German physicists at the Max Planck Institute for Plasma Physics (IPP) in Greifswald were able to reach a milestone in nuclear fusion energy: producing highly heated helium plasma inside a vessel.

Nuclear fusion involves combining atoms to create energy. Such concept is similar to that of the Sun's heat-generating process. The idea, once completely developed, is said to provide limitless, clean and cheap source of energy.

After nine years of investigations, not to mention the millions of money spent on experiments, the researchers were finally able to achieve a vital point in the analytic process, which is the production of heat to fuse nuclei together.

The main idea is to subject atoms to very high temperatures of more than 100 million degrees as this is the way for nuclei to combine.

The integration of the nuclei will happen in a special vacuum vessel where atoms in a hot plasma are kept floating in place by superconducting magnets.

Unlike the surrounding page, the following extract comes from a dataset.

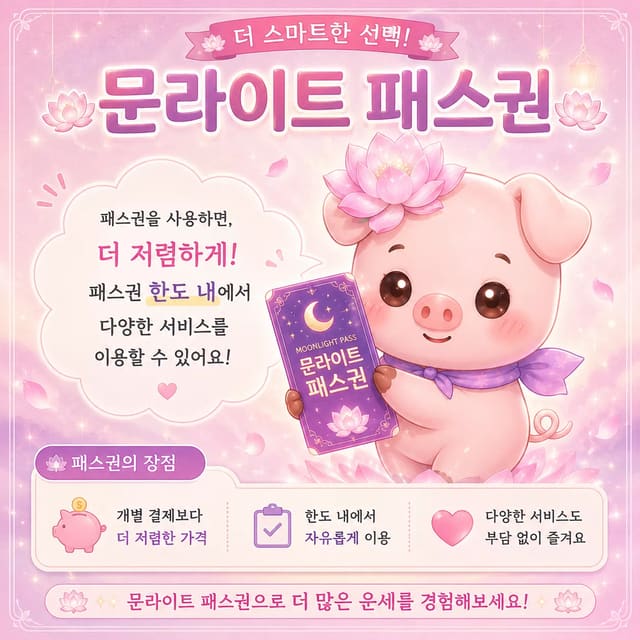 문라이트 패스 혜택 이미지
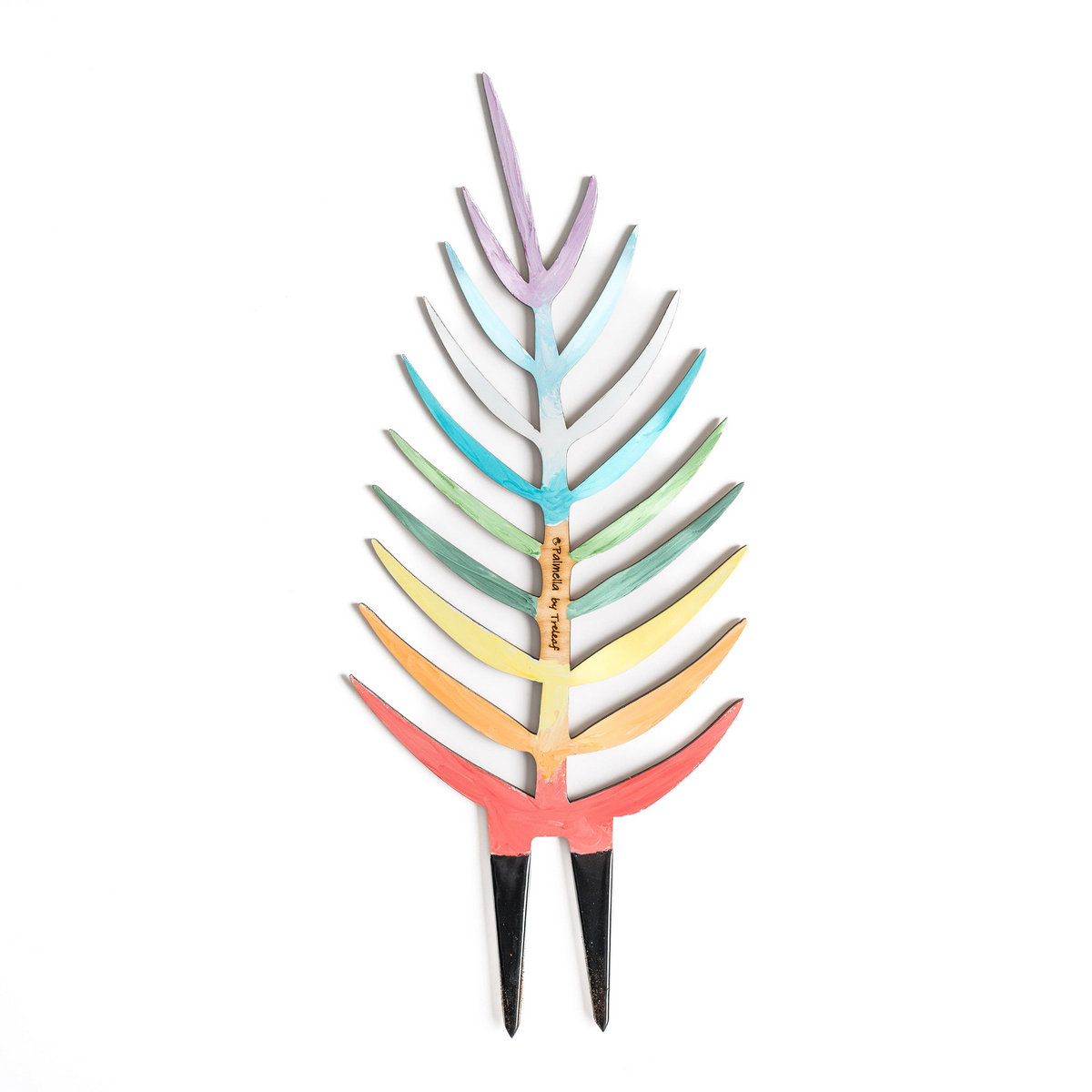 palmella by treleaf plant stake painted with multicolor pastel colors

The atoms are held steady together so as to prevent it from getting in contact with the chamber's cold sides.

"We're very satisfied," said Hans-Stephan Bosch, one of the scientists. "Everything went according to plan."

The device used to perform the experiment is called Wendelstein 7-X, which is the biggest fusion machine designed in stellarator line of magnetic restriction fusion objects. In the said experiment, the researchers wanted to find out if helium atoms may be heated using a microwave laser and if the plasma can be confined inside the chamber.

Another magnetic confinement device used in nuclear fusion experiments is the tokamak, which is the only machine recognized to produce plasma that can supply energy.

Both the tokamak and stellarator are looking at enhancing the energy released from hydrogen isotope fusion so as to provide safe and efficient electrical power.

Although Wendelstein 7-X is not able to generate energy, it is said to live up to tokamak's ability of maintaining plasma balance and confinement thus, making it a viable power plant as well. Aside from that, stellarators also have the capacity to operate persistently with its 30-minute-duration discharges - something that tokamaks cannot do.